Skip the pictures. Repeat everything else in the records word for word.
BEGIN DATA SHOWN
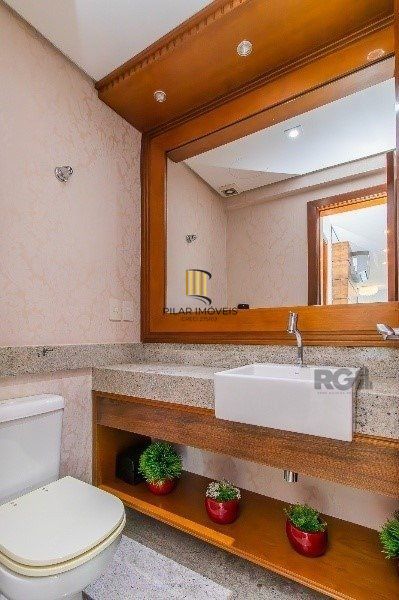 Apartamento de alto padrão, 3 suítes, 3 vagas, ao lado da Praça da Encol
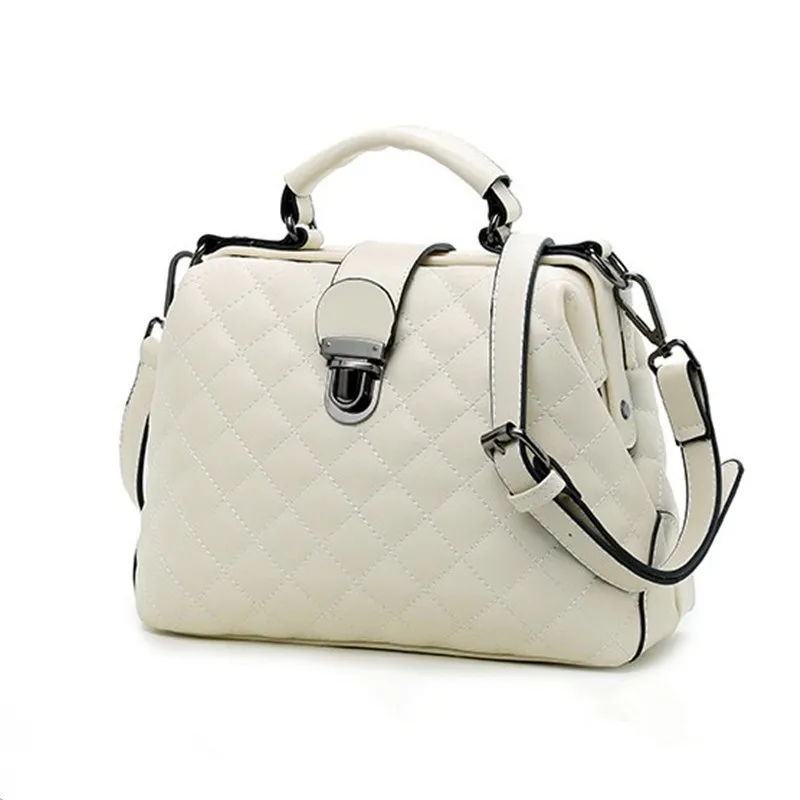 Bags Women European and American Fashion Rhombus One-shoulder Messenger Doctor's Bag Large-capacity Handbag Women Brand Designer
Bags Women European and American Fashion Rhombus One-shoulder Messenger Doctor's Bag Large-capacity Handbag Women Brand Designer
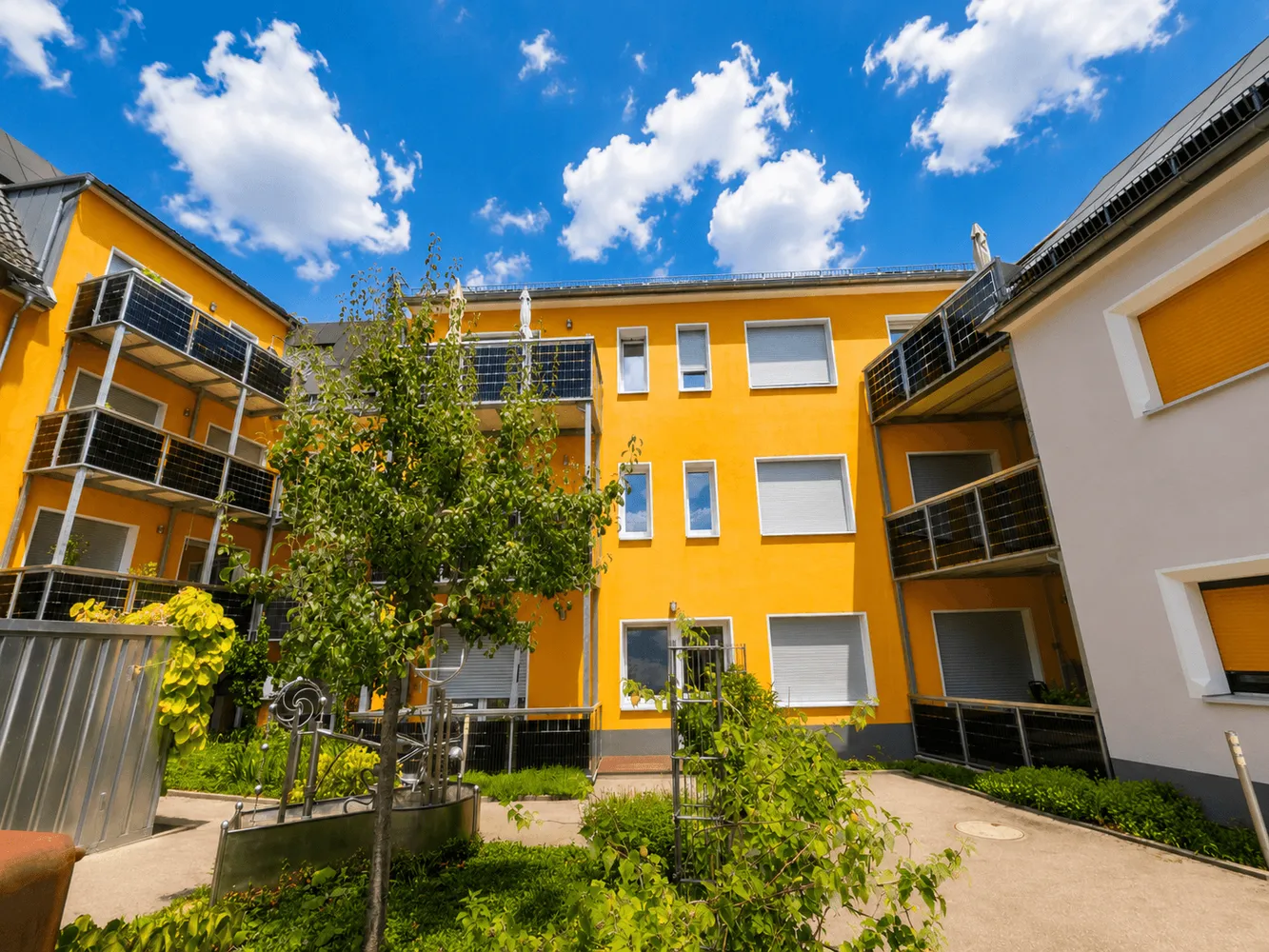 4 Zimmer Wohnung mit 111 m² in Frankfurt am Main – Bild 1
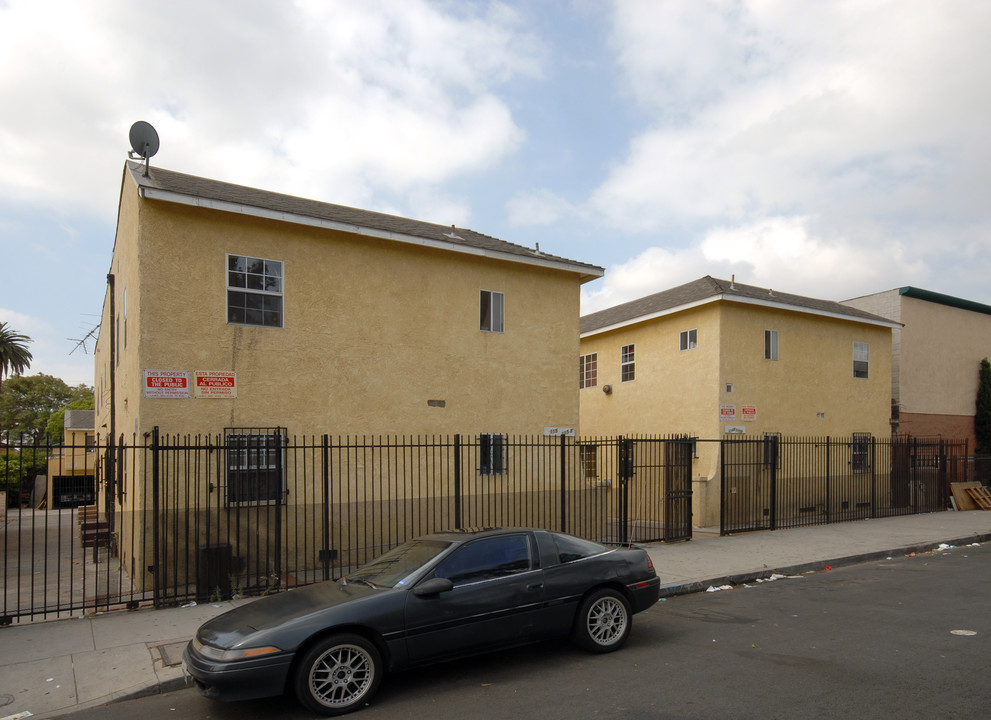 Johnson Court in Los Angeles, CA - Building Photo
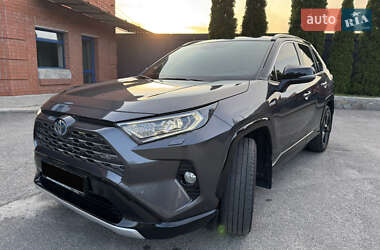Внедорожник / Кроссовер Toyota RAV4 2020 в Харькове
END DATA SHOWN
RESULT:
 Apartamento de alto padrão, 3 suítes, 3 vagas, ao lado da Praça da Encol
 Bags Women European and American Fashion Rhombus One-shoulder Messenger Doctor's Bag Large-capacity Handbag Women Brand Designer
Bags Women European and American Fashion Rhombus One-shoulder Messenger Doctor's Bag Large-capacity Handbag Women Brand Designer
 4 Zimmer Wohnung mit 111 m² in Frankfurt am Main – Bild 1
 Johnson Court in Los Angeles, CA - Building Photo
Внедорожник / Кроссовер Toyota RAV4 2020 в Харькове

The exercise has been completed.